## WHAT YOU HAVE TO DO
Taking the data below, please print only the lines from the line holding "Knee-Length Cap Sleeve" to the line holding "VIN ROUGE Pécharmant", inclusive, with pictures omitted.

## EXCERPTED RECORDS
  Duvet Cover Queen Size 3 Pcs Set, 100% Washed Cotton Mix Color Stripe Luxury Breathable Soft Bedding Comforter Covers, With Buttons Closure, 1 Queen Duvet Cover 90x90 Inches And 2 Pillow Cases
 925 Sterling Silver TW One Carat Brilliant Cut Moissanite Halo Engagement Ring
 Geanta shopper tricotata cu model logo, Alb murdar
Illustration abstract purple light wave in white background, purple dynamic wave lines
* * *
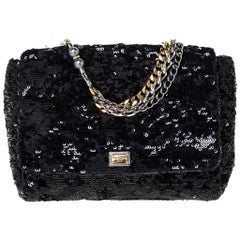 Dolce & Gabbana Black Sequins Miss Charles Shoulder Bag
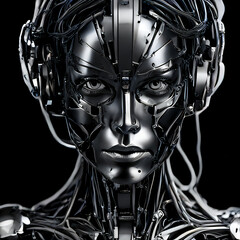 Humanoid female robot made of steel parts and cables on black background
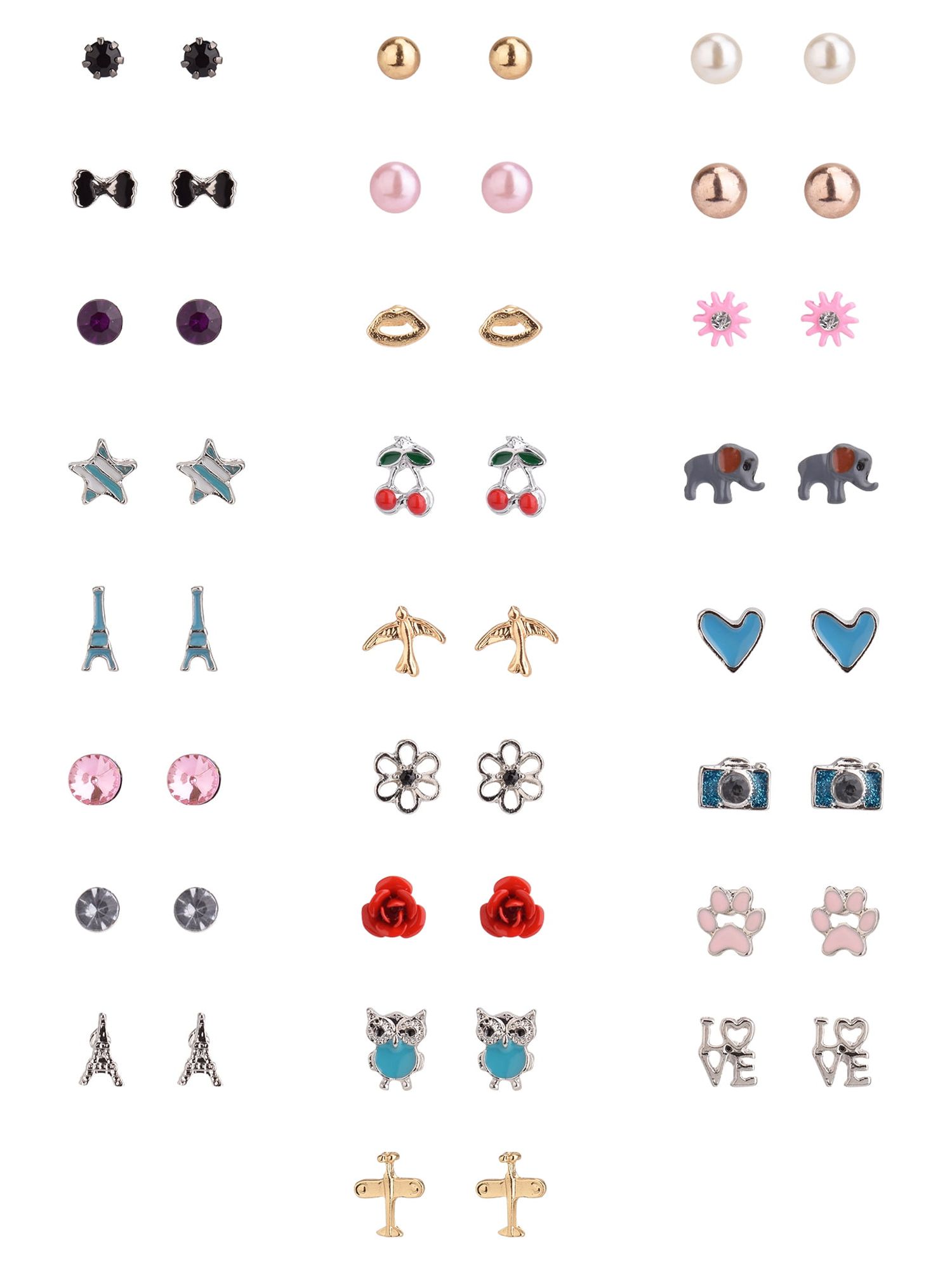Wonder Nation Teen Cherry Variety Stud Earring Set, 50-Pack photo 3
==
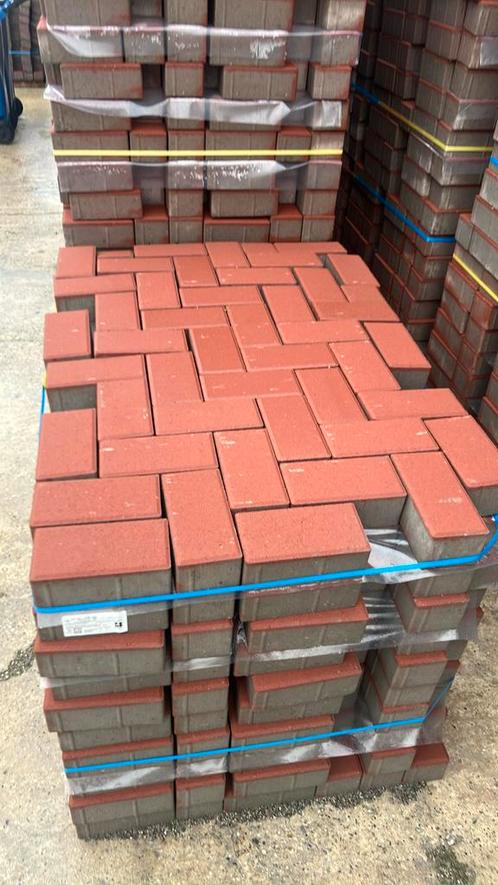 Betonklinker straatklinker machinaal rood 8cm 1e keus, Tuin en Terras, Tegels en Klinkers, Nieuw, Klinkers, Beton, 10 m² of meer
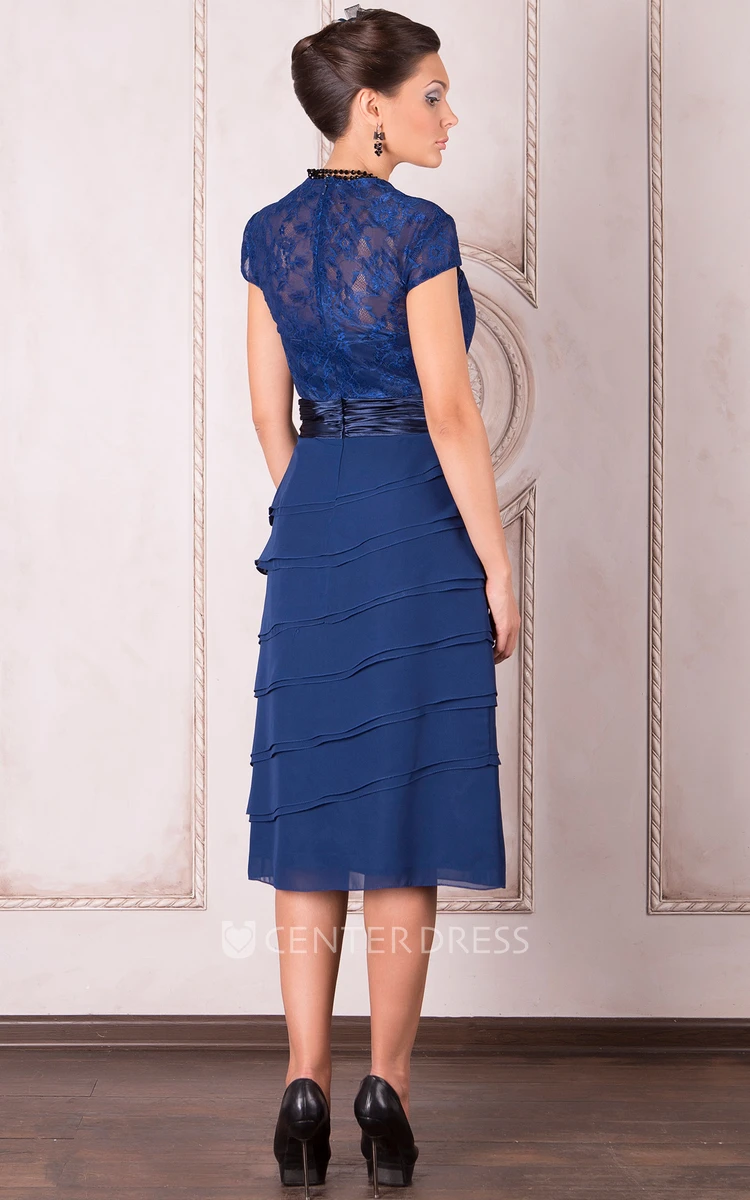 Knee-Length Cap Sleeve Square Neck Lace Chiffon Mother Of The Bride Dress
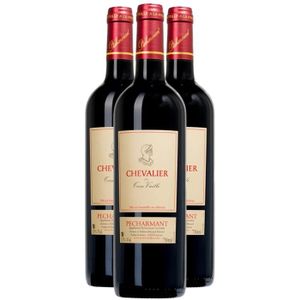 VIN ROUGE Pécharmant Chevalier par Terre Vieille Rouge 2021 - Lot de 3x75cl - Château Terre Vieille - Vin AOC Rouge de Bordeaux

## SOLUTION FOR THIS TASK
 Knee-Length Cap Sleeve Square Neck Lace Chiffon Mother Of The Bride Dress
 VIN ROUGE Pécharmant Chevalier par Terre Vieille Rouge 2021 - Lot de 3x75cl - Château Terre Vieille - Vin AOC Rouge de Bordeaux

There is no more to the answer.